Segment Start: INPUT DATA
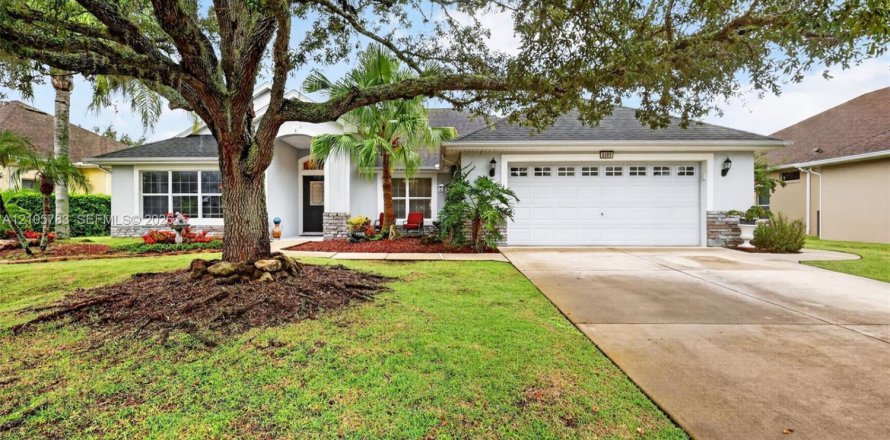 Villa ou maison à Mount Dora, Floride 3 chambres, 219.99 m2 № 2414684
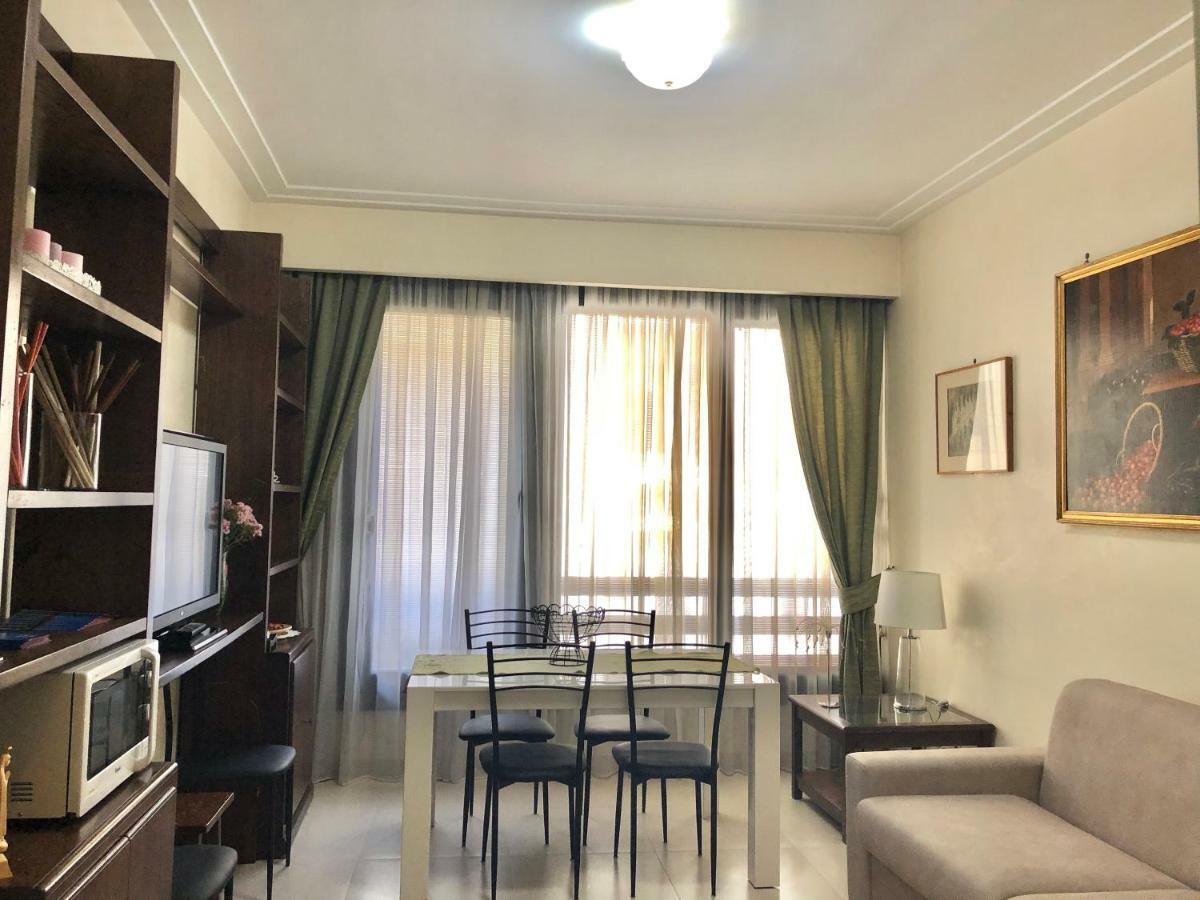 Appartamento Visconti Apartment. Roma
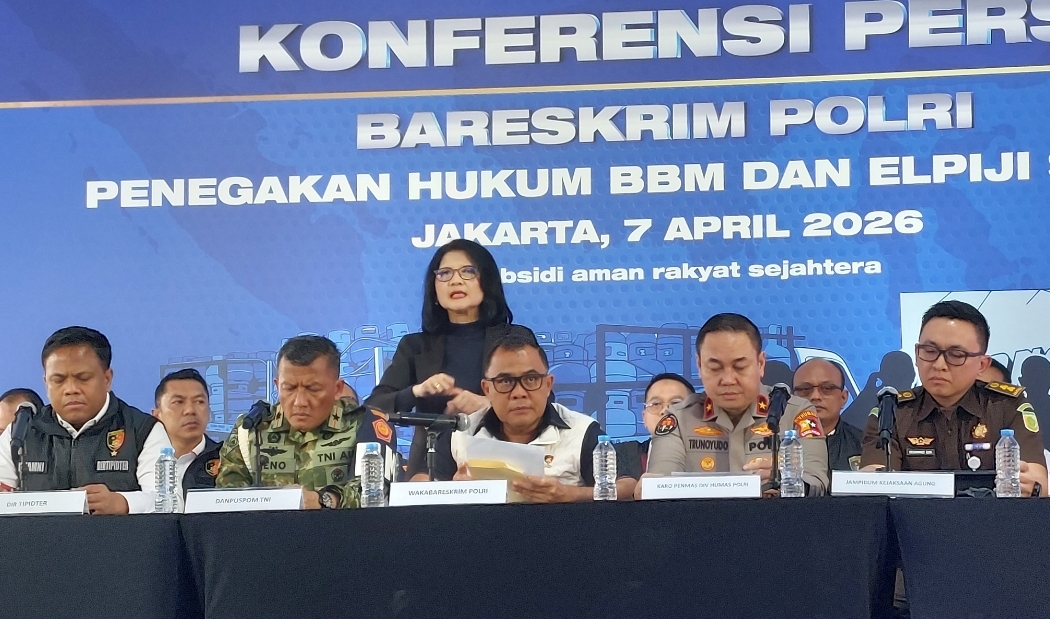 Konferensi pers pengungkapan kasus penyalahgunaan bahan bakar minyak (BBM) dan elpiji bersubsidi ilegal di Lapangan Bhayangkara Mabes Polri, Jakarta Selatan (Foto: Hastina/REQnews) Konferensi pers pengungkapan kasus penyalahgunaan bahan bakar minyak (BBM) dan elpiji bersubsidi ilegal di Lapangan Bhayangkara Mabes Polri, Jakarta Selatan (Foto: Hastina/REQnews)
Segment End: INPUT DATA
The answer must repeat every line of the listing exactly and leave the pictures out.

 Villa ou maison à Mount Dora, Floride 3 chambres, 219.99 m2 № 2414684
 Appartamento Visconti Apartment. Roma
 Konferensi pers pengungkapan kasus penyalahgunaan bahan bakar minyak (BBM) dan elpiji bersubsidi ilegal di Lapangan Bhayangkara Mabes Polri, Jakarta Selatan (Foto: Hastina/REQnews) Konferensi pers pengungkapan kasus penyalahgunaan bahan bakar minyak (BBM) dan elpiji bersubsidi ilegal di Lapangan Bhayangkara Mabes Polri, Jakarta Selatan (Foto: Hastina/REQnews)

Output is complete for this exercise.